I’ve been thinking about the meaning of vacations. So many of the activities people are excited about on vacations are predetermined by others, the road blazed before by many others, the actions they do just a Simon says by the tour guide.

We kayaked through Lake Powell to Lower Antelope Canyon and hiked through the narrow rocks. The Lake is a human-made reservoir of water. The canyon, by contrast, is natural. One sparkling blue water, nearly unbelievably colored, the other dry red rock, also visually fantastic. Is it simply the freshness of seeing something we hadn’t done before?

Seeing them on the same journey provided more contrast but also blurred the lines. The rock was stained by the calcium of the water to the high tide line. The water itself, though the human-made component, could arguably be more unpredictable. Our tour guide explained that black scratches along the rock above our heads were from jet skis in previous years. The Lake had receded more this year than decades before. Unpredictable. Meanwhile, the rock was solid as ever, but humans marks were all over it. The walls were covered with words written in the dried mud of the adobe and the path was rounded by footsteps.

I think the hard work of kayaking, followed by exploration of the canyons, imitates the adventure-and-arrival model of earlier trailblazers. Of course, we were the second tour in a well-established company in an area where millions of people had gone before. Everyone knows that. We had to get our feet wet with kayaking, and rowing was unexpectedly difficult and straining. The work in our bodies was rewarded by the natural wonders, just like trailblazers who stumbled into the mountaintop clearing and looked across the valley of promised land. However, unlike those trailblazers, we don’t have any real risk involved. We know we will end at our RV at the end of the day. Why do we spend money on this and use our days given off of work to do these things and call it living?

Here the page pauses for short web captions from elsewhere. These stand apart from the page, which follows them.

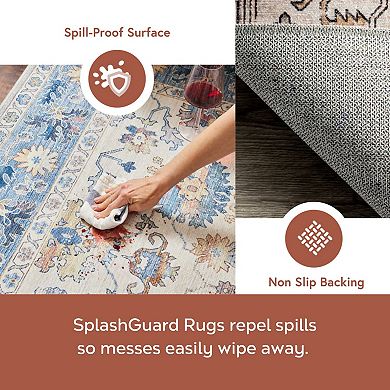 nuLOOM Britt Persian Area Rug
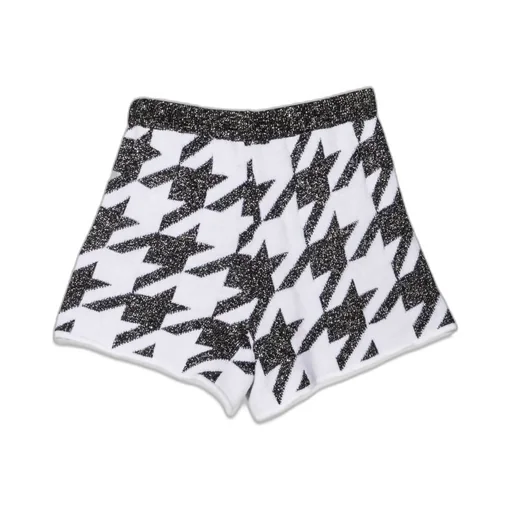 Simonetta Stylish Patterned Shorts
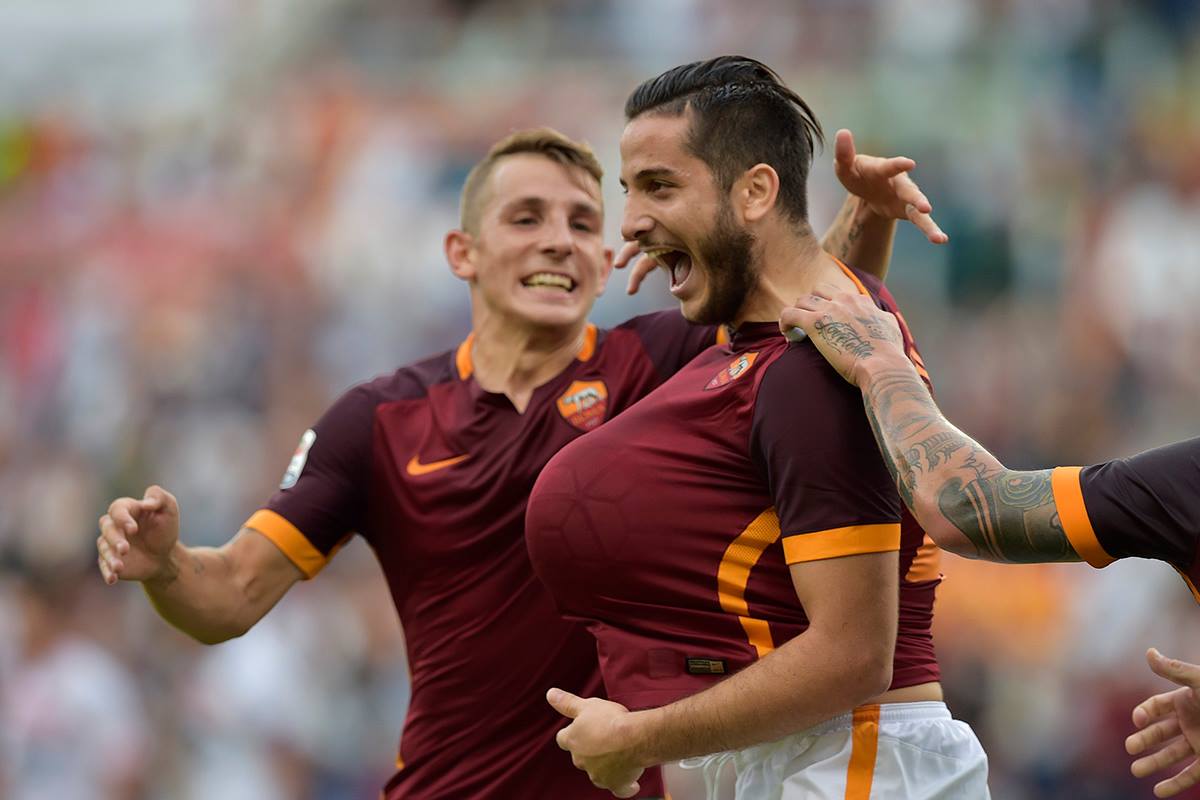 Foto: www.asroma.it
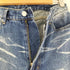 B.A.C.D 13oz ワイドストレートデニムパンツ メンズ JPN:S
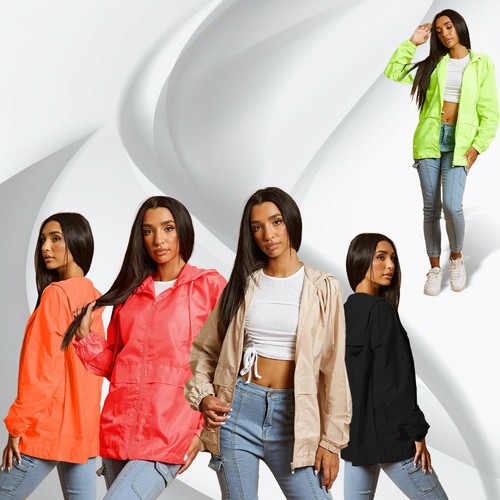 Ladies oversized hooded - ladies,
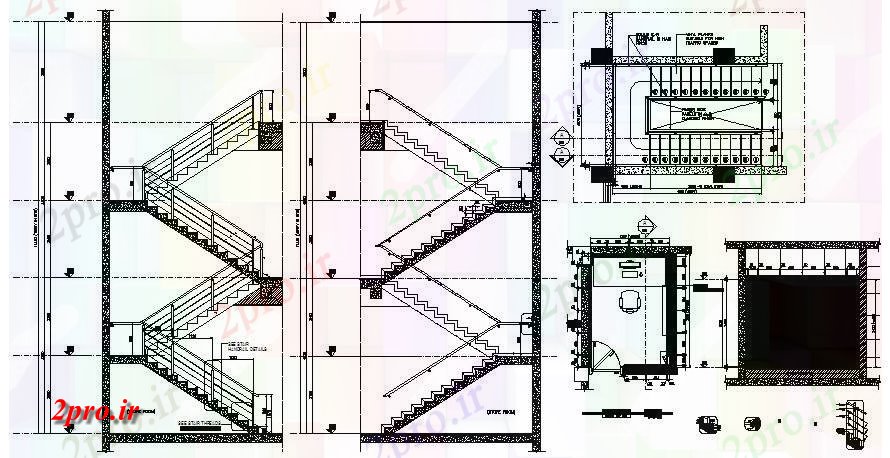 دانلود نقشه خانه مسکونی ، ویلاطرحی mockup برای پوشش با ابعاد جزئیات 2 در 3 متر (کد85857)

I have no answers. I watch other people for their behaviors that betray their own answers. Our tour guide, an energetic 20-something man named Britton, ran kayaking trips five days a week, sometimes twice a day. He said “I try to pretend every time is my first time, even though I know every corner,” as he skips around the rocks on a cliff edge above us. For him, I believe he loves the canyons. He finds freshness in it. He explains to us the geography of the swirling rock produced by water bringing in sand and the straight lines from wind bringing in sand and you don’t know that much about geography unless you love the rock formations. I don’t think he could sustain this job unless he loved the air around the lake and the canyons somehow.

For the three young couples on the trip, I sensed a more simple banality than Britton, although this was their first time in the area. All of them carried cameras and took pictures during their hike and on the lake. Pictures are for other people to witness your own living. Why would you need pictures for yourself? Memories more than suffice. I think the banality came from the adventuring-through-a-window. You’re watching through a window because you’re always thinking of how someone else views what you’re doing when you’re taking pictures. Maybe I’m projecting, and these couples truly enjoy it. But when you are the trail blazer, why would you want to be subject to fifteen minute time frames and life jackets?